--- INPUT DATA Enclosed Below ---

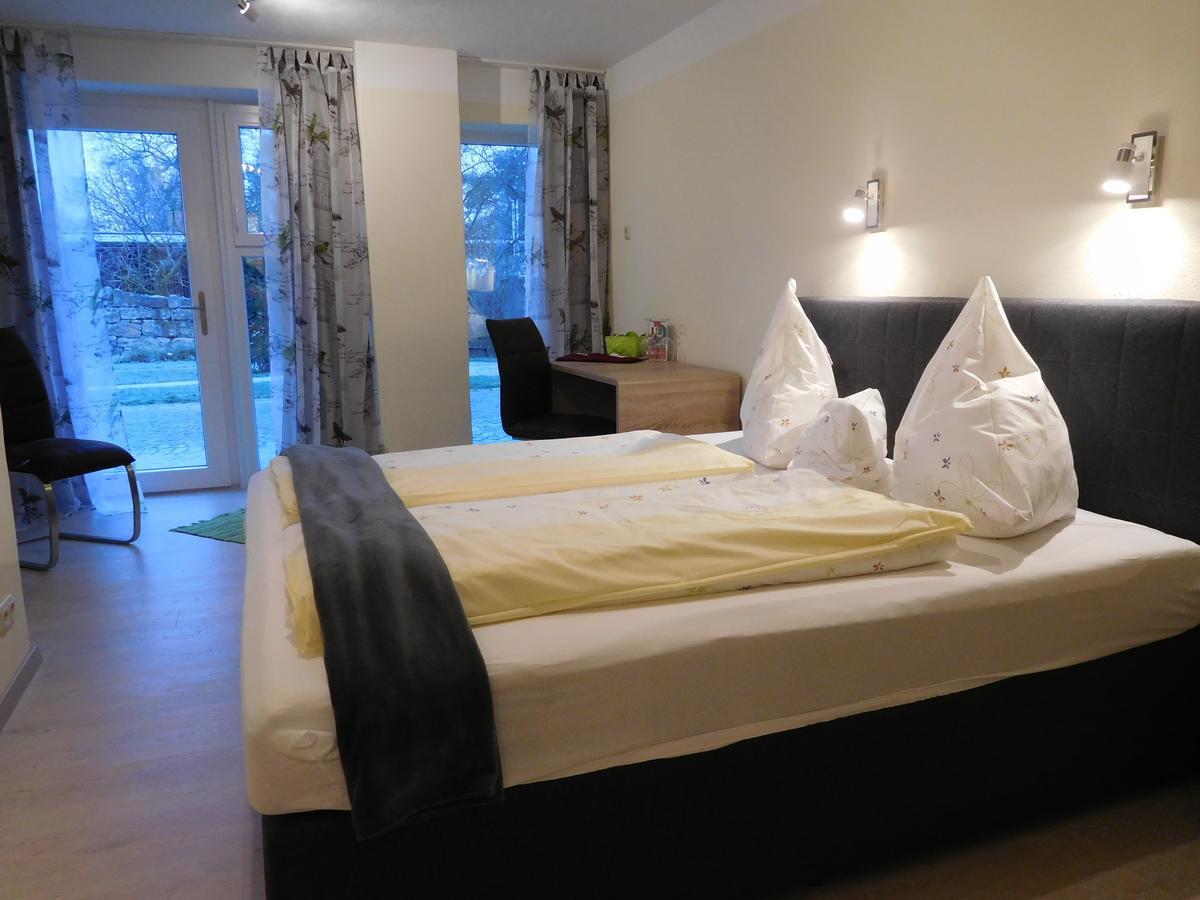 Kirschberghof Gaestehaus Und Weinverkauf Sommerhausen Exteriör bild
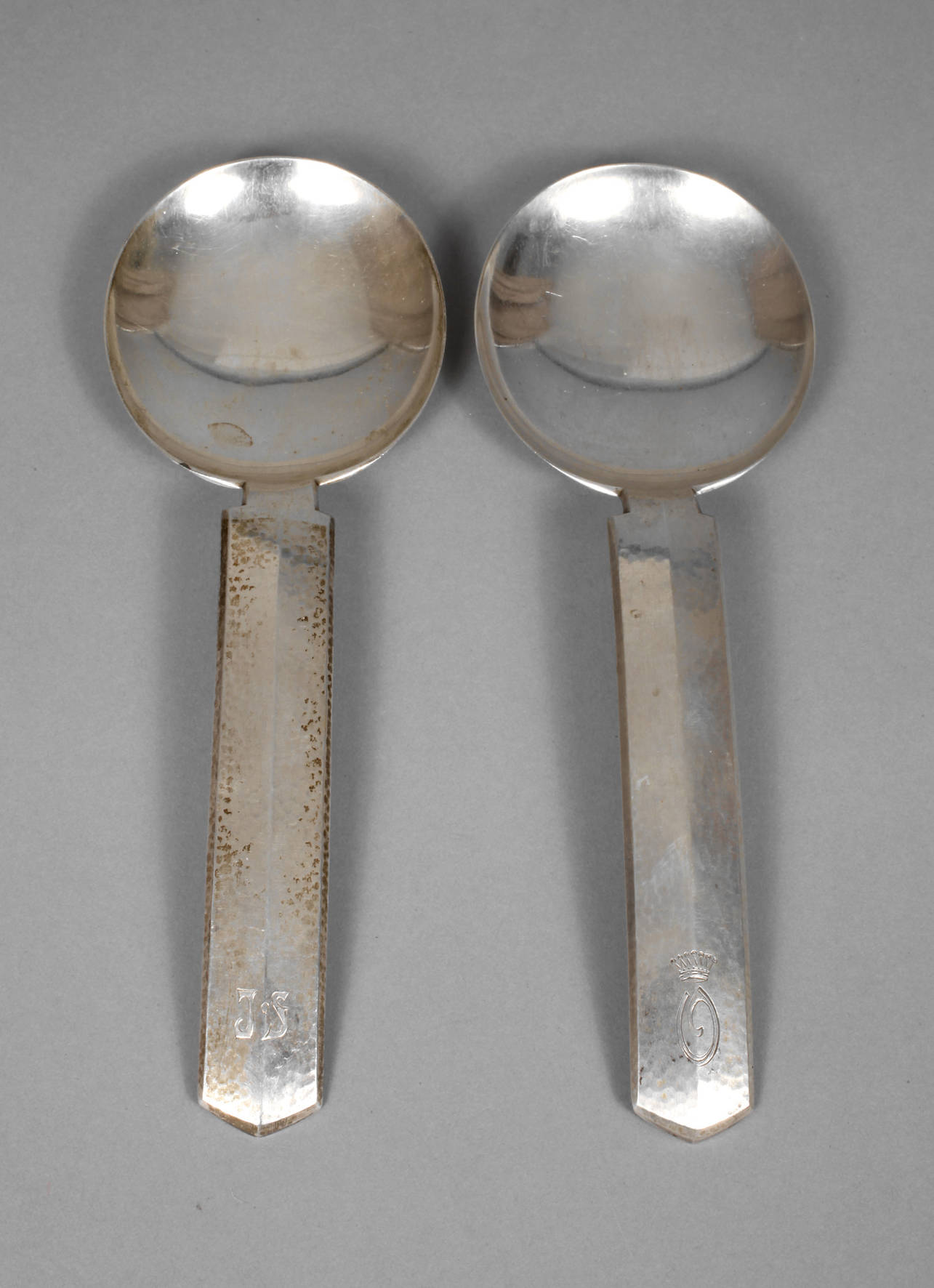 Paula Strauss zwei Vorlegelöffel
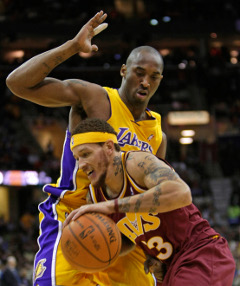Denver nepotrestal Lakers za Bryantovu vychýlenú mušku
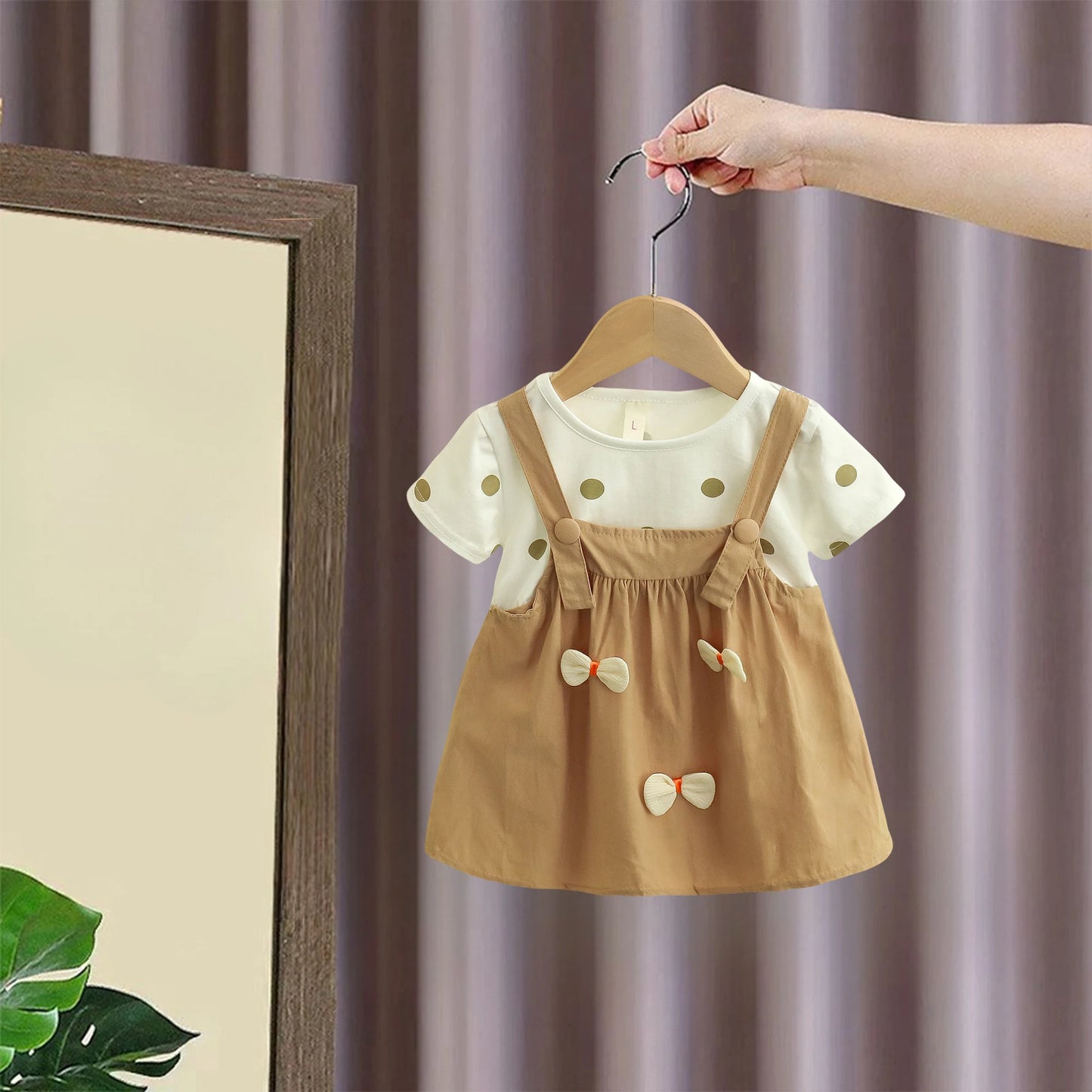 Pünktchen und Schleifchen Kleid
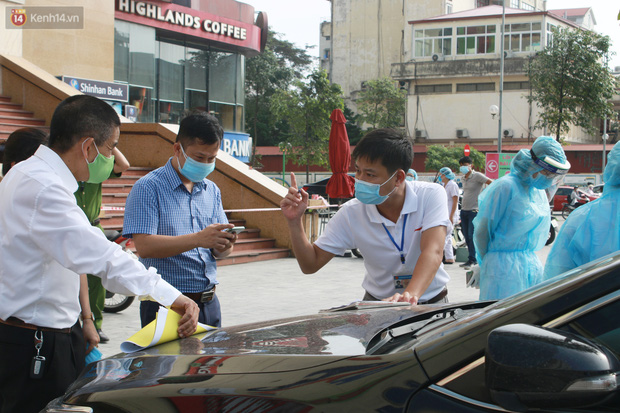 Hà Nội: Phong tỏa tạm thời Chung cư Hồ Gươm Plaza sau khi ghi nhận ca dương tính với SARS-CoV-2 - Ảnh 1.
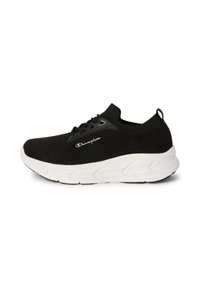Sneaker nera in maglia con suola spessa bianca, lacci anteriori e piccolo logo "Champion" sul lato.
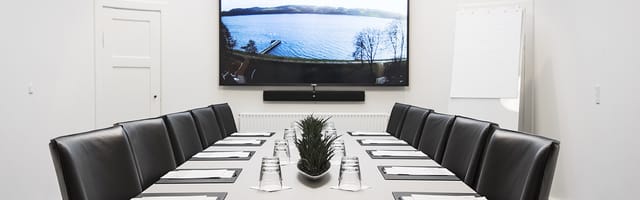 Modern conference room with lakeside view - ideal for meetings and events at Hotel Koldingfjord.
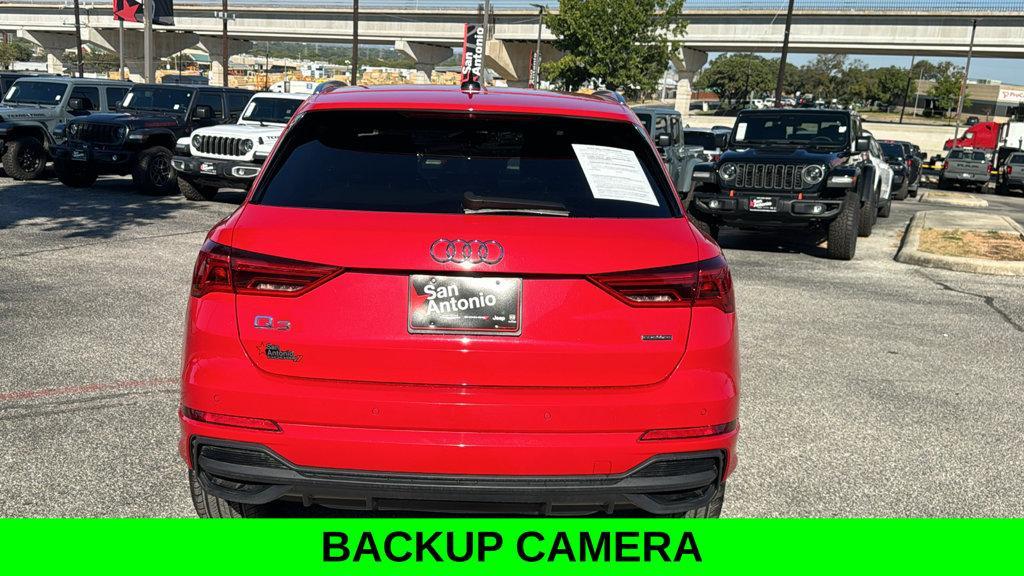 Audi Q3 view 6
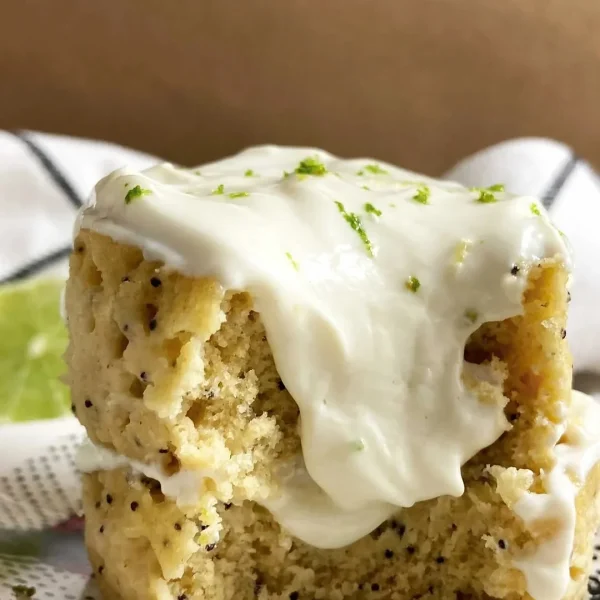 Lemon mugcake con crema y ralladura de limon, receta saludable de MAKEITGRAIN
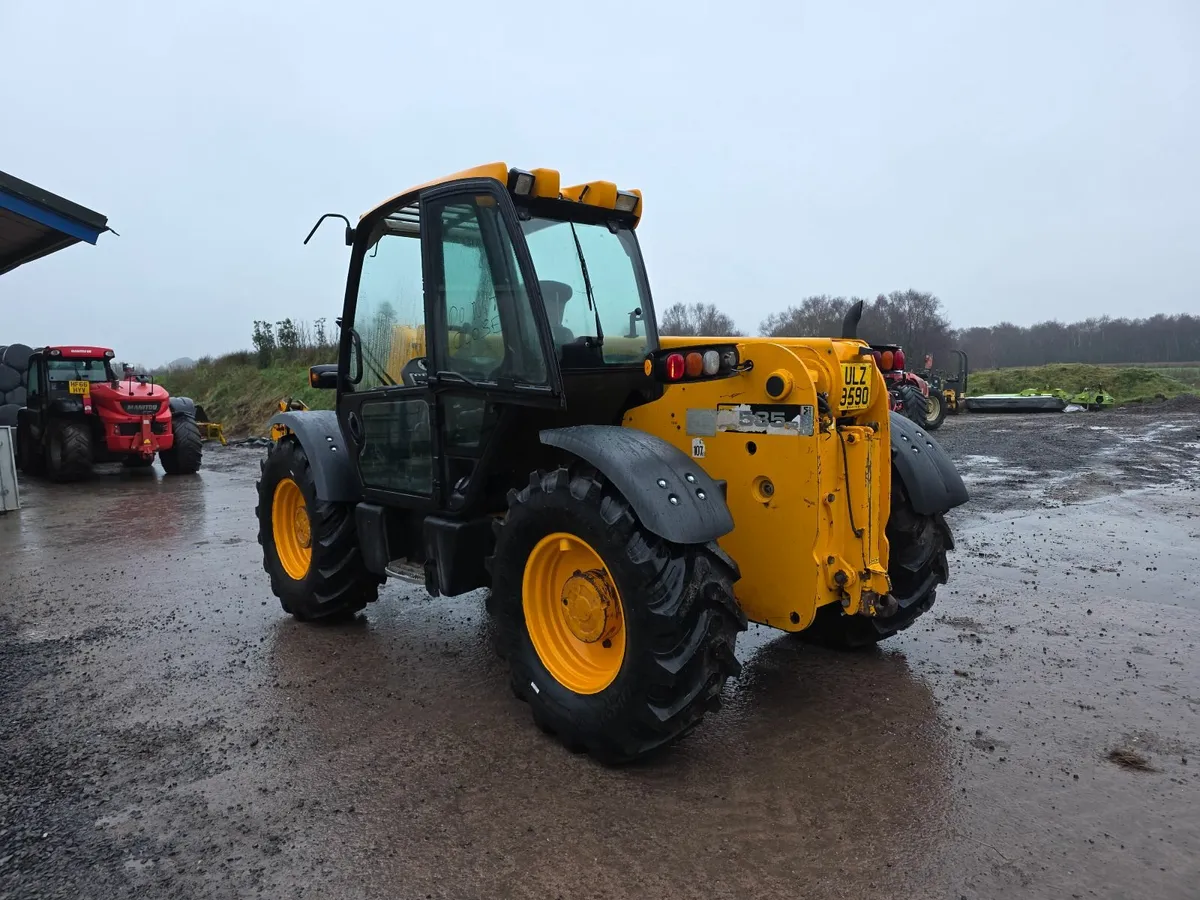 JCB 535 60 2007 - Image 4
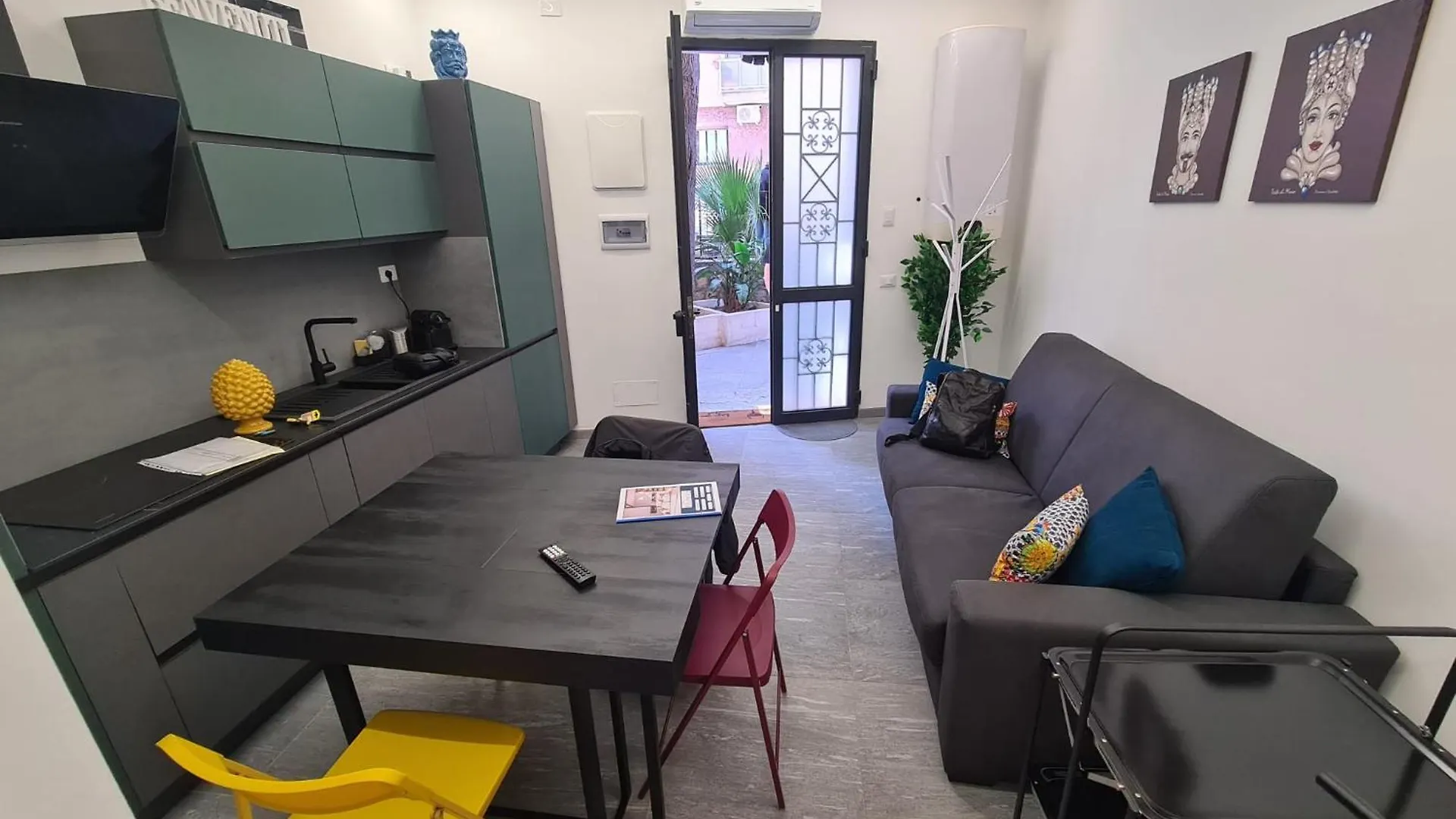 Vittoria'S Stay Palermo Itálie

--- End of Enclosed INPUT DATA ---

> _DESCRIPTION OF THE TASK_:
Pictures are to be left out. Otherwise, copy the material above exactly.

> _ANSWER TO THE EXERCISE_:
 Kirschberghof Gaestehaus Und Weinverkauf Sommerhausen Exteriör bild
 Paula Strauss zwei Vorlegelöffel
Denver nepotrestal Lakers za Bryantovu vychýlenú mušku
 Pünktchen und Schleifchen Kleid
 Hà Nội: Phong tỏa tạm thời Chung cư Hồ Gươm Plaza sau khi ghi nhận ca dương tính với SARS-CoV-2 - Ảnh 1.
Sneaker nera in maglia con suola spessa bianca, lacci anteriori e piccolo logo "Champion" sul lato.
 Modern conference room with lakeside view - ideal for meetings and events at Hotel Koldingfjord.
 Audi Q3 view 6
 Lemon mugcake con crema y ralladura de limon, receta saludable de MAKEITGRAIN
 JCB 535 60 2007 - Image 4
 Vittoria'S Stay Palermo Itálie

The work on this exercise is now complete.